“S’ode a destra uno squillo di tromba; a sinistra uno squillo risponde….”, così Manzoni nel Conte di Carmagnola.
Non altrettanto se guardiamo alla campagna elettorale europea opaca ed, infine, povera e noiosa che stiamo vivendo, almeno per quanto concerne il nostro Paese.

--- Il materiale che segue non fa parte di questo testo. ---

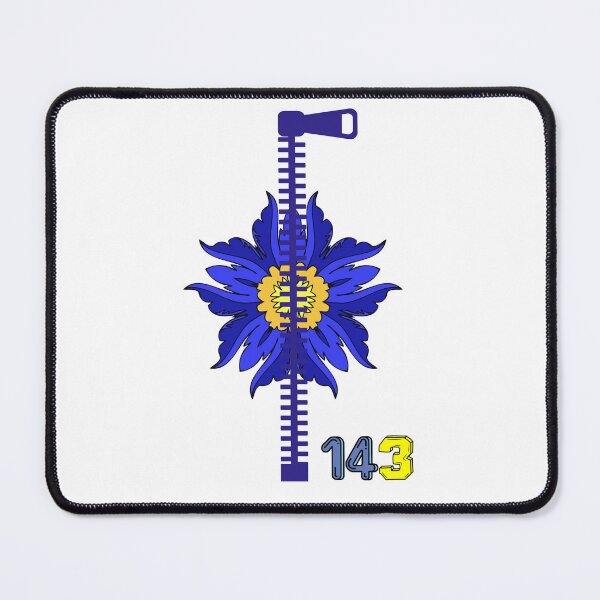 Item preview, Zipper Flower Design 143 | Secret Love Code Aesthetic | Blue Floral Hidden Message Graphic designed and sold by Aura Design.
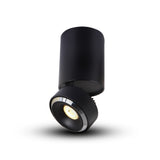 VONN ORBIT VMCL000701A020BL 4.25" 1 LIGHT 100-277V LED SURFACE MOUNTED ADJUSTABLE DOWNLIGHT, ETL COMMERCIAL GRADE, Black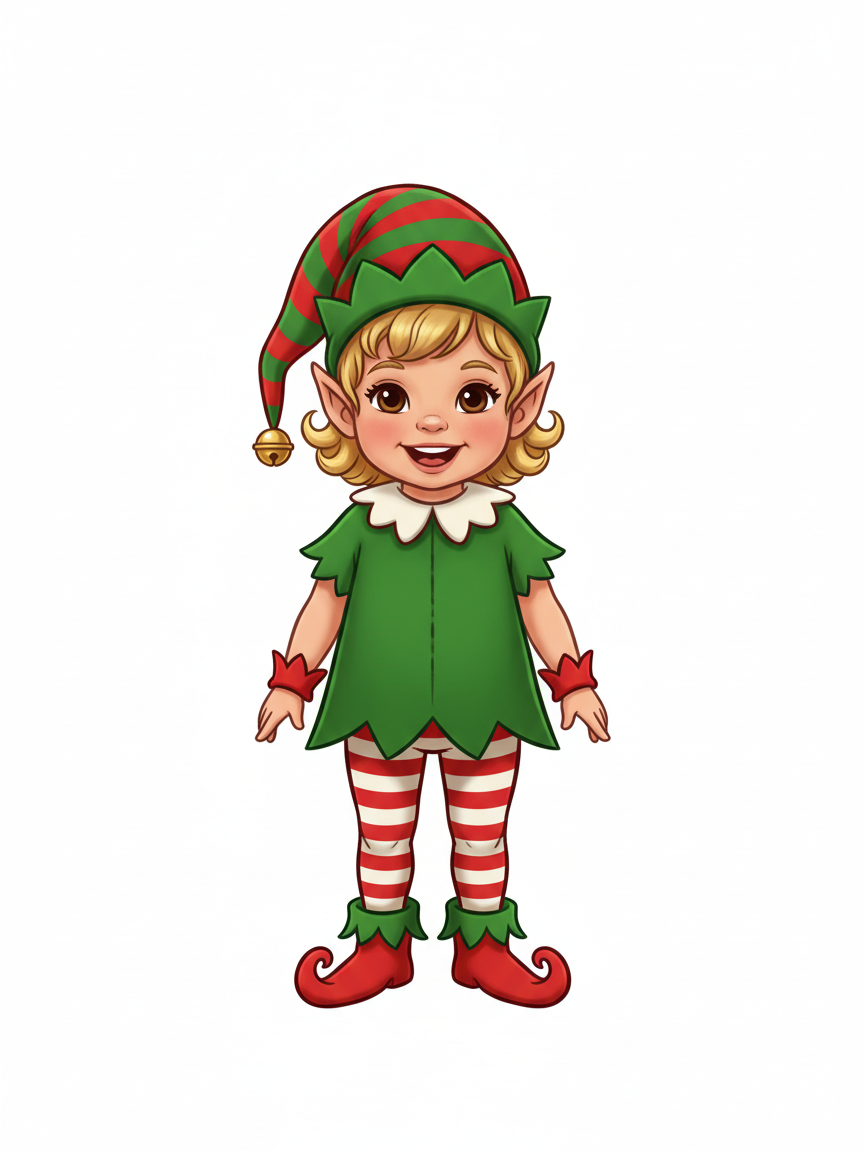 Jolly Julia the Elf - Vintage Storybook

Le campagne elettorali, quando la politica è schietta, discute temi importanti, vive un contradditorio forte, anche duro, ma ragionato e ragionevole, fatto di argomenti e non di invettive, sono belle. Sì, belle. C’è, infatti, anche un’estetica del confronto politico. Quando è appassionato e corretto diventa coinvolgente, sia per chi lo vive da candidato, sia per chi lo frequenta da elettore che mette a prova il suo orientamento, cerca i motivi che lo confermano oppure esplora i dubbi che lo interrogano e forse lo inducono a cambiare indirizzo. Sono il momento privilegiato di quel “pensare politicamente” di cui ci ha parlato uno dei padri costituenti, Giuseppe Lazzati, e rappresenta, per chi ne vuole assumere la responsabilità personale e, sia pure, la fatica, l’esercizio pieno del diritto e del dovere di cittadinanza.

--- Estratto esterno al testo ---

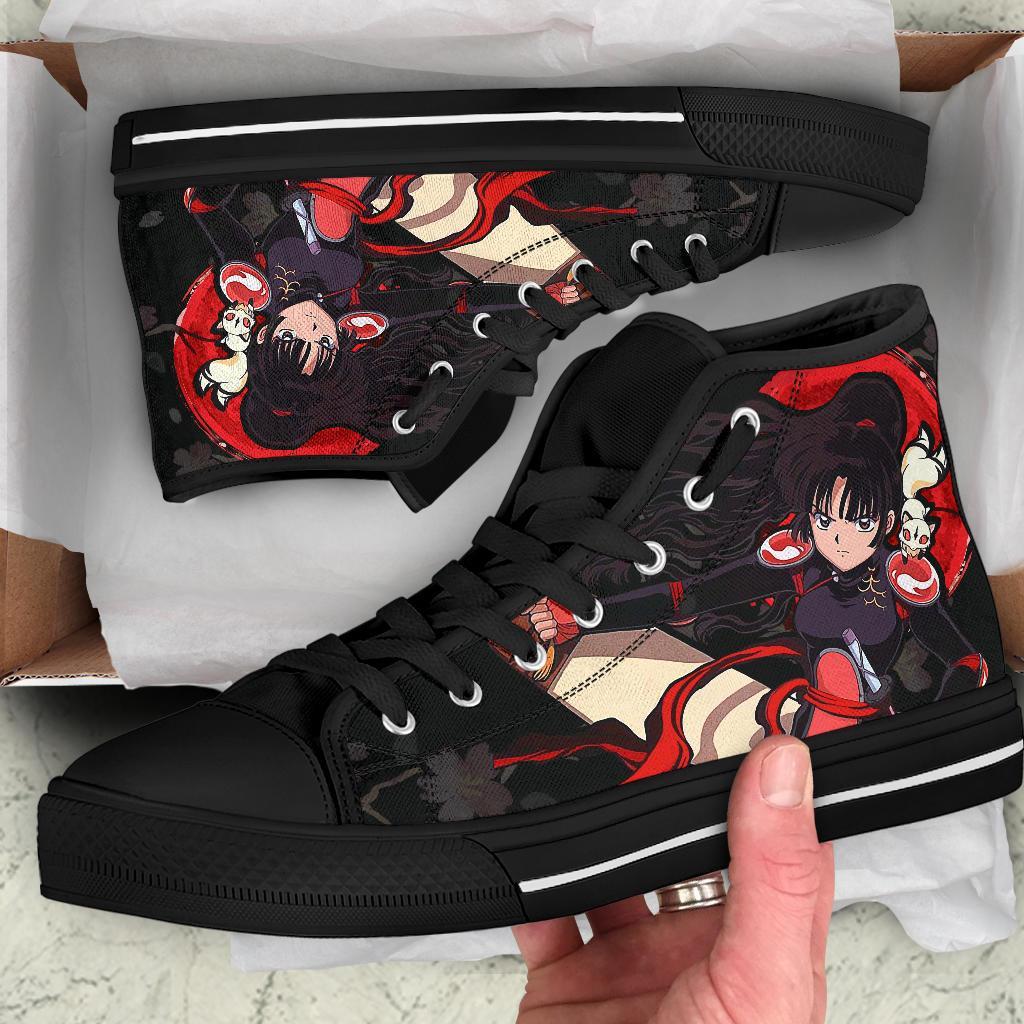 Sango Inuyasha Sneakers Anime High Top Shoes Custom Idea PT20-Gear Wanta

Sembrerebbero ripetitive perché da una manifestazione all’altra, da un incontro a quello successivo, passando da un primo auditorio ad un secondo e così via, i temi si ripetono, ma, in effetti, la proposta attorno a cui si discute via via si affina, si chiarisce il quadro complessivo in cui si pone ed anche chi la avanza ne comprende meglio il profilo, commisurandolo alle reazioni degli interlocutori che incontra. Soprattutto le campagne elettorali che potremmo definire “storiche”, quelle che hanno segnato uno spartiacque tra due fasi o due differenti opzioni di fondo del destino di un Paese, vengono ricordate, nel volgere del tempo, come i capisaldi di una identità che progressivamente prende forma ed evolve, almeno così si spera, verso forme più mature di partecipazione e di convivenza civile.

La politica, contro gli abusati stereotipi dell’ anti-politica, è bella – e questa è una dimensione da riscoprire – quando è pensata e vissuta non nell’ orizzonte “privato” di un interesse particolare da rivendicare, ma come capacità di aprire il cuore e la mente ad un ideale, ad una prospettiva di accrescimento del valore umano della collettività. Insomma, è bello ed ammirevole il fatto che l’ Inno dell’ Europa sia intitolato alla “Gioia”, quel quarto movimento della Nona di Beethoven che irrompe, nel panorama musicale del tempo, a due-tre anni dalla scomparsa a Sant’ Elena di Napoleone, ed evoca sentimenti di fraternità, di libertà, di pace.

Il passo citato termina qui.